Outre le dégel des relations algéro-marocaines, un autre événement a permis les espoirs de renouveau maghrébin : le président Ould Taya a accepté de mettre une sourdine à ses griefs contre la Jamahiriya, qu’il a longtemps accusée de chercher à renverser son régime. Après avoir reçu, le 17 février, les chefs de la diplomatie de l’UMA, le président mauritanien s’est engagé à participer au processus de redynamisation de l’organisation. Quant au soudain intérêt de Kadhafi pour la relance de l’Union, il pourrait s’expliquer par son propre agenda. Si le « Guide », après avoir mis en doute, à maintes reprises, l’utilité et la viabilité de l’ensemble maghrébin, préférant concentrer ses efforts sur l’Union africaine, semble s’intéresser de nouveau à l’UMA, c’est que, selon l’expression d’un diplomate libyen, elle représente « le billet d’entrée de la Libye dans le Club de Barcelone ». Car, contrairement à Tunis, Rabat et Alger, qui sont liés par un accord d’association avec l’Union européenne portant création d’une zone de libre-échange en 2010, Tripoli est resté en dehors de ce processus. Kadhafi espère donc faire du VIIe Sommet de l’UMA une passerelle pour Barcelone.

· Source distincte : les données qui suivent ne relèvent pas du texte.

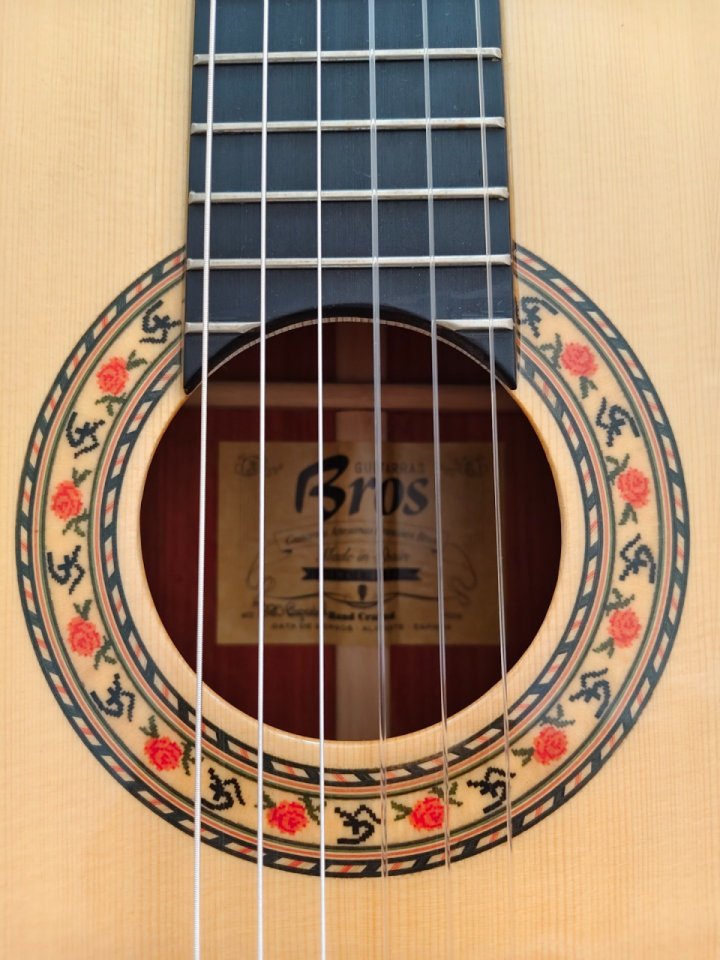 Guitarra Francisco Bros Mod. B80 Especial de segunda mano · Foto 2 de 10 · Alicante · 900 €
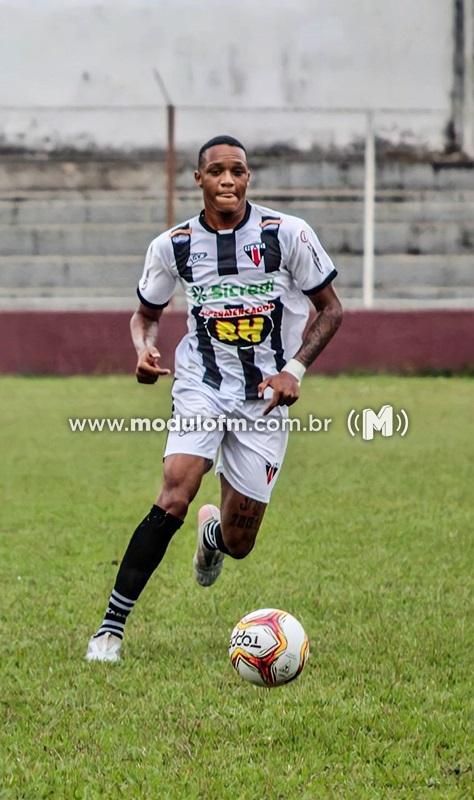 Meia que fez parte do elenco do campeonato mineiro,...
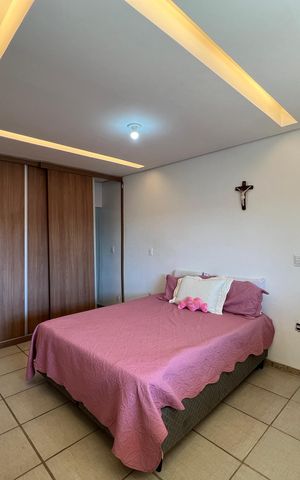 Casa à venda com 360m², 4 quartos e 4 vagasQuarto Suíte 2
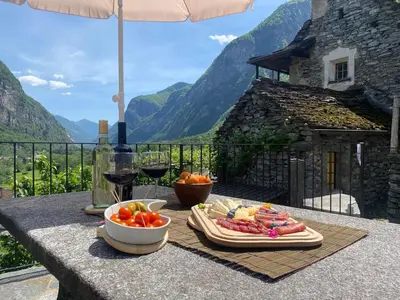 Ein allgemeiner Bergblick oder ein Berglick von der Ferienwohnung aus
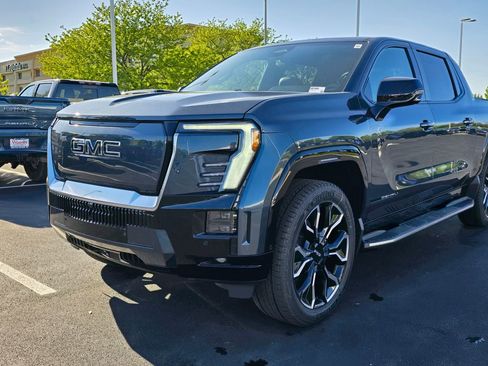 New 2025 GMC Sierra EV Denali image 12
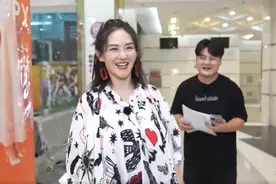 谢娜产后首次公开亮相！录《快本》笑声不断，身材圆润双下巴抢镜图片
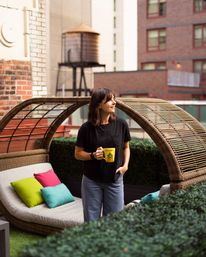 Staypineapple: Artful Hotel in Midtown New York image 14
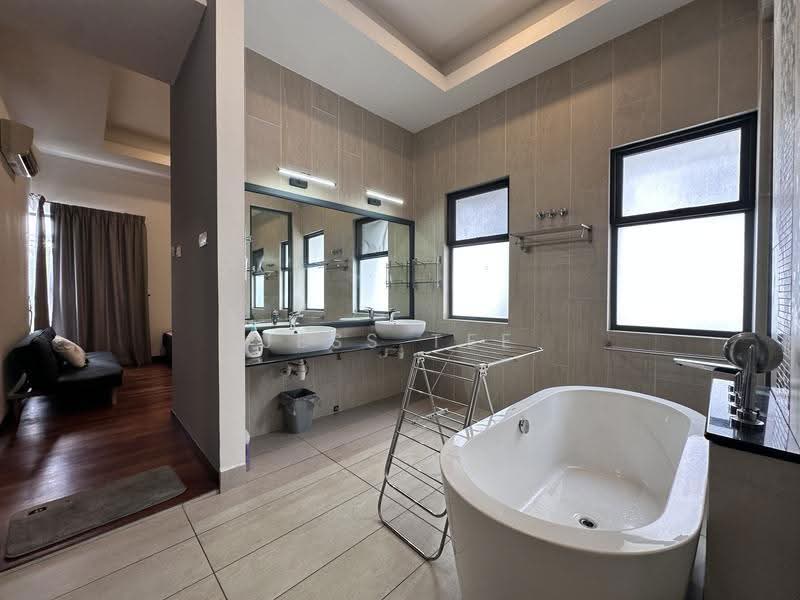 Link Bungalow for Sale in Setia Alam (Selangor) - Jess Tee - Bathroom - PropertyGuru.com.my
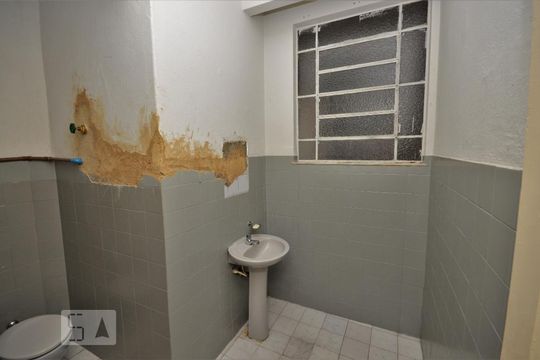 Banheiro Social de apartamento para alugar com 3 quartos, 116m² em Saúde, Rio de Janeiro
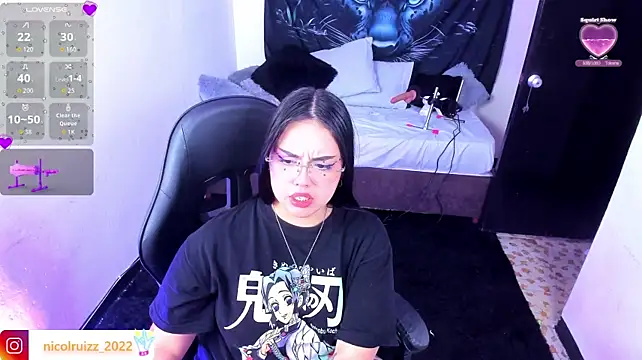 Nicolle_Ruizz's Live XXX Chat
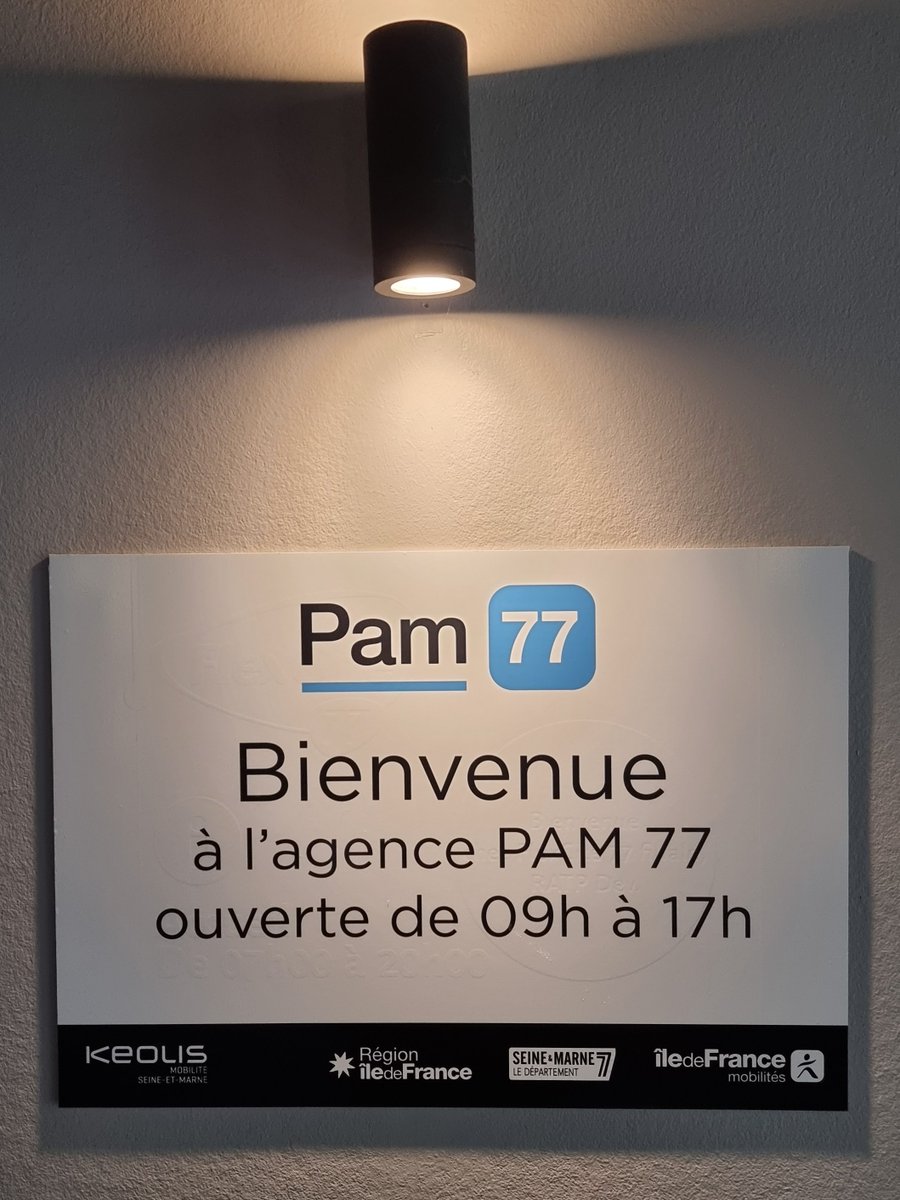 KeolisIDF's tweet photo. Depuis hier, nous sommes fiers d'être opérateur du #transport de personnes à mobilité réduite #PAM77 en #SeineetMarne pour le compte du @Departement77 et @IDFmobilites.
Nos équipes sont mobilisées pour offrir la meilleure qualité de déplacement aux utilisateurs/trices du service! https://t.co/MP723Lgbgj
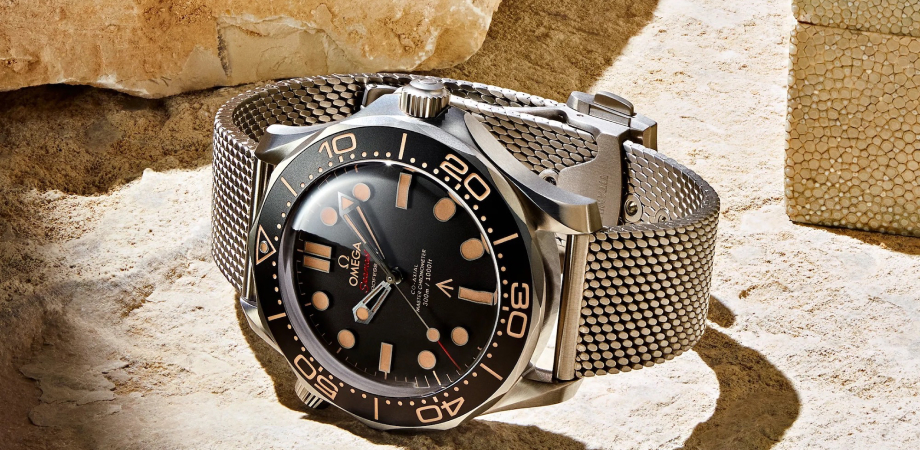 титановые часы Seamaster Diver 300M Co-Axial Master Chronometer «Edition 007»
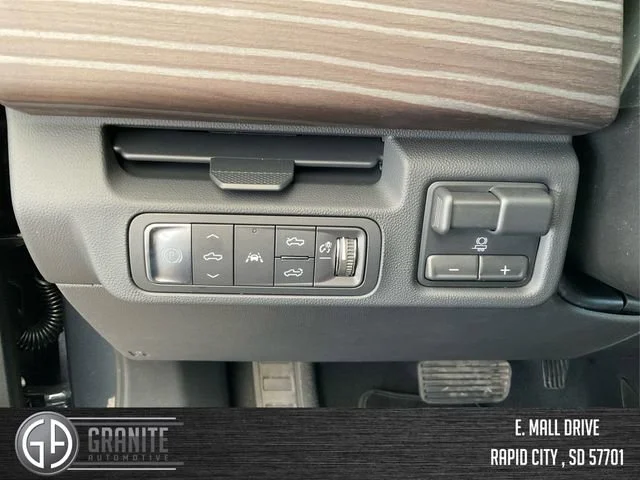 2025 GMC Sierra EV Denali - Photo 19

Au nombre des facteurs de détente, on peut également citer, pêle-mêle, les effets de la mondialisation, la prise de conscience des gouvernants sur les pertes économiques dues aux lenteurs de la construction maghrébine, les pressions extérieures, notamment celles de l’Union européenne et des États-Unis, qui ne cessent d’appeler leurs partenaires maghrébins à intégrer leurs économies, à harmoniser leurs politiques et à se constituer en entité régionale viable.

De quoi l’ordre du jour sera-t-il fait ? Outre les sempiternelles questions organiques (renouvellement du mandat du secrétaire général, répartition géographique des structures, institutions communes…), les chefs d’État devraient plancher sur la proposition de transformer le secrétariat général, dont le siège se trouve à Rabat, en Commission exécutive, suivant le modèle de l’Union européenne ou de l’Union africaine. Devraient être également abordés le capital et les statuts de la Banque maghrébine, dont l’installation est prévue à Tunis. Enfin, en marge des discussions à cinq, seront sans doute examinées les questions touchant aux relations bilatérales. Au premier rang desquelles la réouverture des frontières terrestres entre l’Algérie et le Maroc, fermées depuis août 1994. Une situation qui bénéficie surtout aux trafiquants de toutes sortes, qui réalisent, selon des enquêteurs algériens, un chiffre d’affaires annuel de quelque 600 millions de dollars. Des sources officielles marocaines avancent le chiffre de 380 produits finis algériens présents sur le marché local par le biais de l’économie informelle. Il est peu probable qu’une décision soit prise à Syrte, mais le terrain devrait être au moins déblayé.